My new piece debunking right-wing rhetoric about the NLRB’s Boeing complaint is up on Counterpunch and Common Dreams:

During the Bush years, many progressives gave up hope that the government could really make companies pay when they broke the law. Now a big company may have to pay a big price for illegally punishing workers. Last month the National Labor Relations Board, the federal body that enforces labor law, issued a complaint charging that Boeing illegally transferred the production of a line of aircraft out of Washington State. Boeing is accused of transferring the production to punish the workers there for going on strike. Punishing workers for union activity is retaliation, and it’s illegal. If Boeing is found guilty, it could be made to transfer the whole production line back. Naturally, the prospect of the Labor Board seriously enforcing labor law has Republicans freaking out…

Right-wingers are rising to defend Boeing, bash the NLRB, and blame Obama. But rather than debate retaliation against workers, conservatives want to conjure phantom menaces: bureaucrats micro-managing production, Democrats punishing “Right to Work” states, and union bosses paralyzing job creators.

Check it out.

Update (5/29): It’s now up on Talking Union and ZNet too.

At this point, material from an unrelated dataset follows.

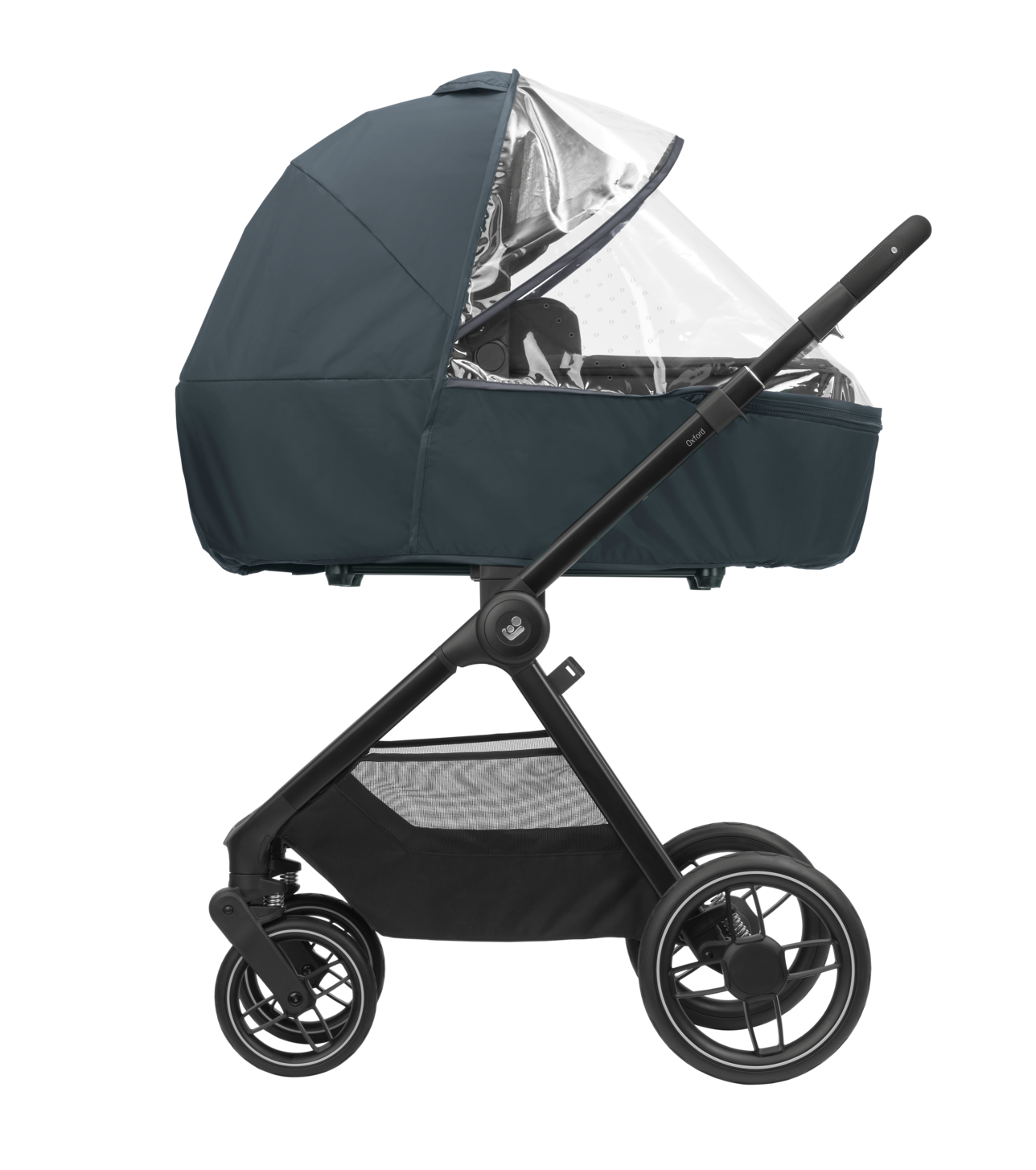 Pláštěnka Comfort pro kočárek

  1. Since you claim Boeing is “transferring” these jobs to SC, you can give numbers on current union employees who will lose their jobs due to this transfer? Isn’t it true that Boeing ADDED jobs to the Washington plant? How is opening a new line and keeping all current employees on the job punishing those employees?

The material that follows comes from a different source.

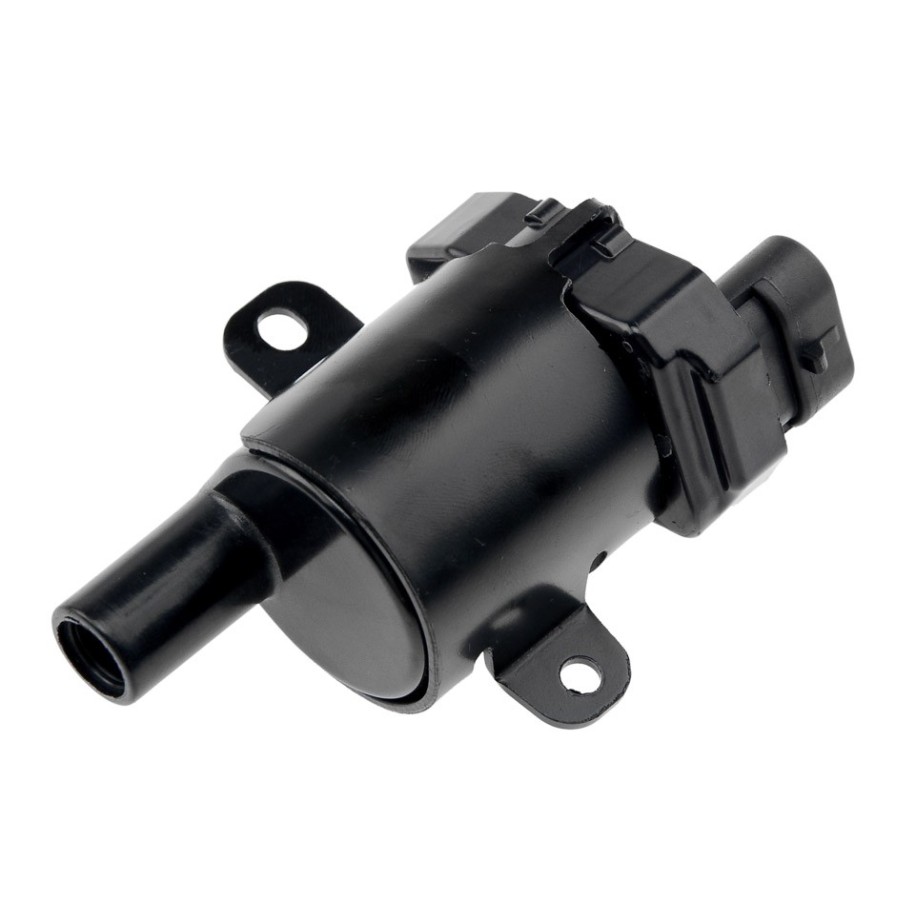 Ignition Coil for CHEVROLET  GMC OE 134034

  2. Boeing is sending jobs expected to be created in Washington to South Carolina instead. Investing further in a different location rather than the Puget Sound one reduces job opportunities and job security for the Puget Sound workers. Doing it while saying it’s not because of wages but because of the strikes in Puget Sound sends a message they’re being punished. Check out the newspaper quotes from management in the articles cited in the complaint.